The copy should hold exactly the lines below from the one that contains "As Heaven Turns To Ash - Warhorse" through the one that contains "Псилоцибиновые грибы Cubensis" and nothing else, so no pictures.
*** Source data ***
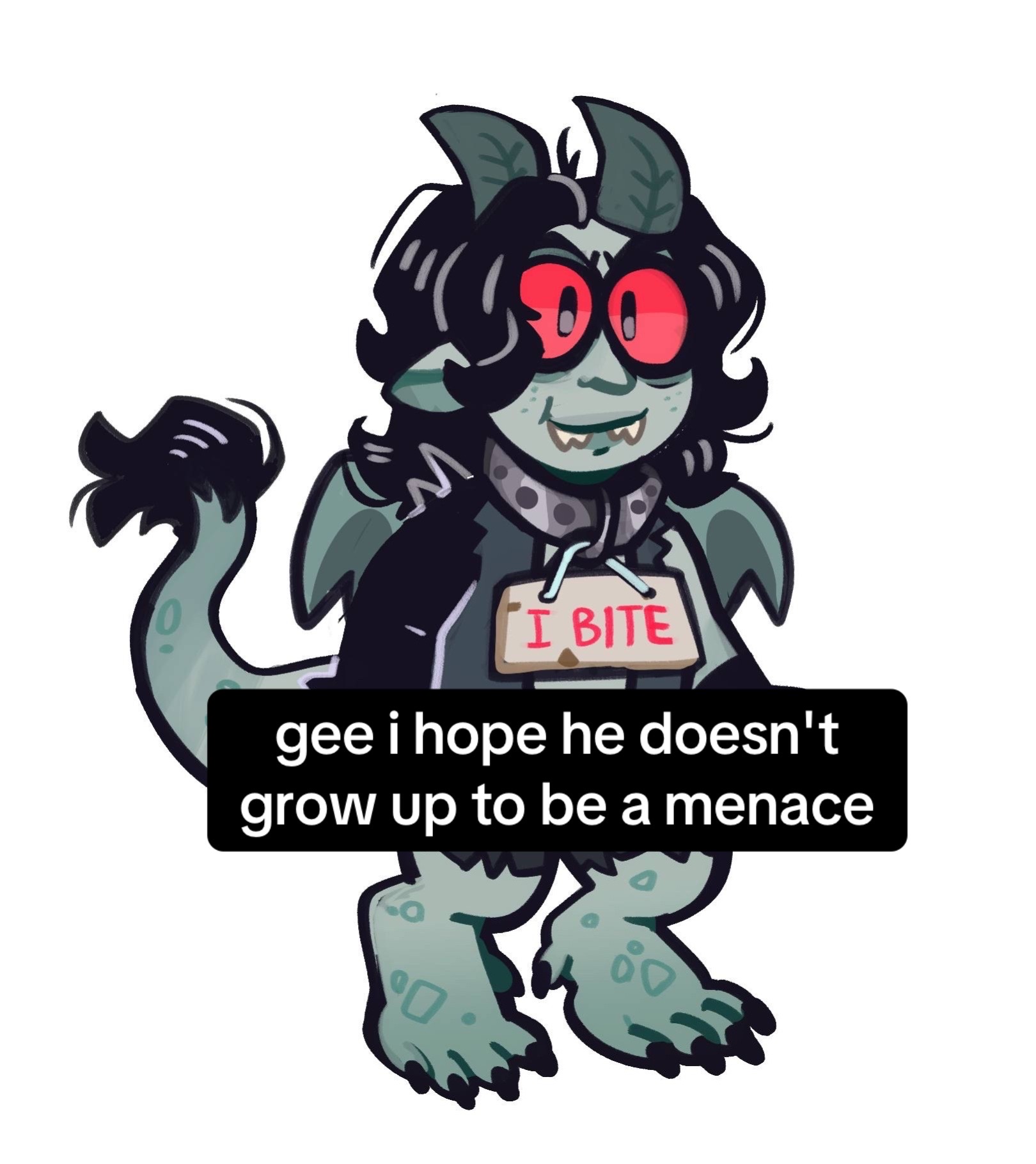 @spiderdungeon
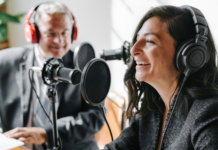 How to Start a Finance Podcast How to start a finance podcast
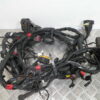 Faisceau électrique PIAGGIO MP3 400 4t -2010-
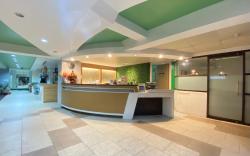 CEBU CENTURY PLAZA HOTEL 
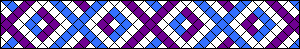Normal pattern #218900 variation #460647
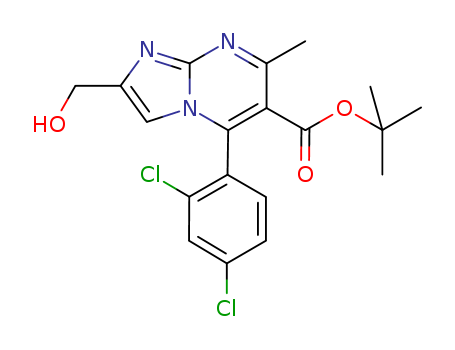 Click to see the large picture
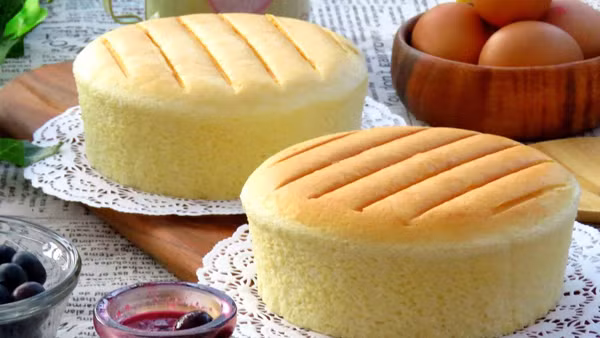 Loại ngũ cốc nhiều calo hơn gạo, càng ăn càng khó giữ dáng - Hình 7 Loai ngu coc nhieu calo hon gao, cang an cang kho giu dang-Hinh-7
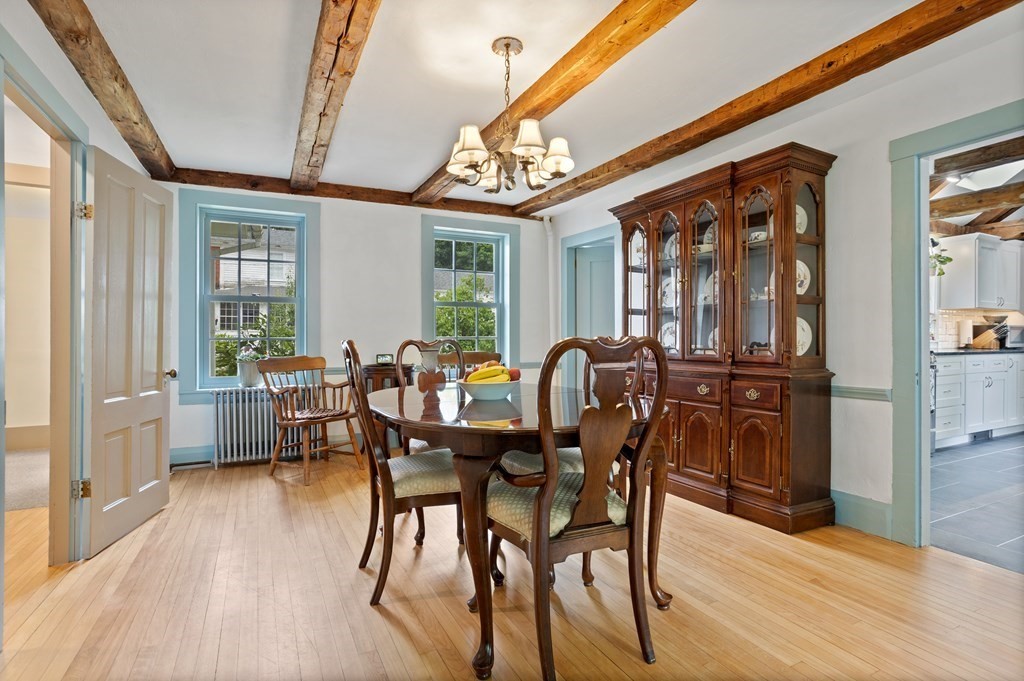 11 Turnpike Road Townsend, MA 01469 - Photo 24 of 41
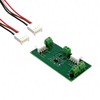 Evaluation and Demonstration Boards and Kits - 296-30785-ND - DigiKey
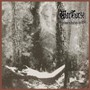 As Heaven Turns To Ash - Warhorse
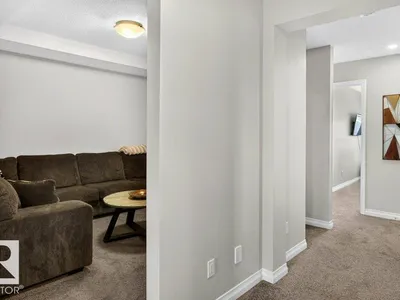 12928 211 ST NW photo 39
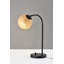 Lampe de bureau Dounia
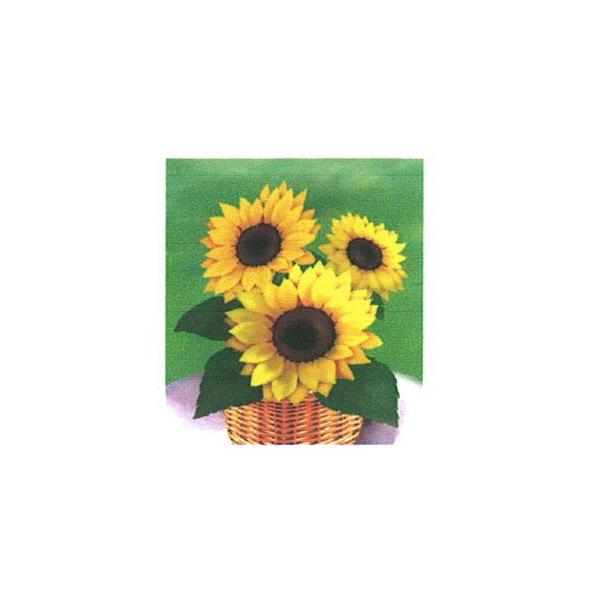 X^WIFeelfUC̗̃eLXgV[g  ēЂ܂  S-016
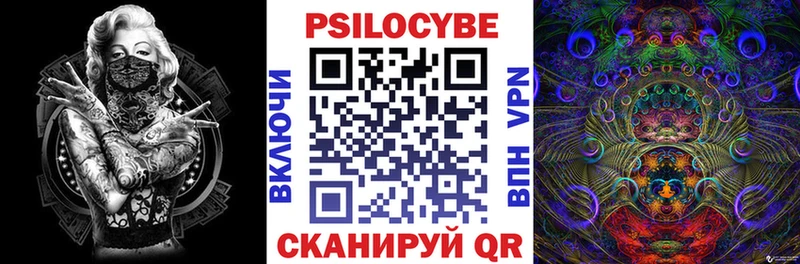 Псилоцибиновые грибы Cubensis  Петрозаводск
*** End of Source data ***
*** Source data ***
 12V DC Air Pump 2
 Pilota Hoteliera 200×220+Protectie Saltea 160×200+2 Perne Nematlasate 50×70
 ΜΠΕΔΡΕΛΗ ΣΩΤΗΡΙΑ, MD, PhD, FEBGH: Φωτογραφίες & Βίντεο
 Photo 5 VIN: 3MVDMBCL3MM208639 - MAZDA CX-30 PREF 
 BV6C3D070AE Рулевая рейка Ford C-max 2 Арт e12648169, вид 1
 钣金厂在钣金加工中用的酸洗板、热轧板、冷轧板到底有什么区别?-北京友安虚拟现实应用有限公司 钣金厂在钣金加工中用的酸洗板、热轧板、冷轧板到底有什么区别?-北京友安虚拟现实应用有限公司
*** End of Source data ***
Response area:
 As Heaven Turns To Ash - Warhorse
 12928 211 ST NW photo 39
 Lampe de bureau Dounia
 X^WIFeelfUC̗̃eLXgV[g  ēЂ܂  S-016
 Псилоцибиновые грибы Cubensis  Петрозаводск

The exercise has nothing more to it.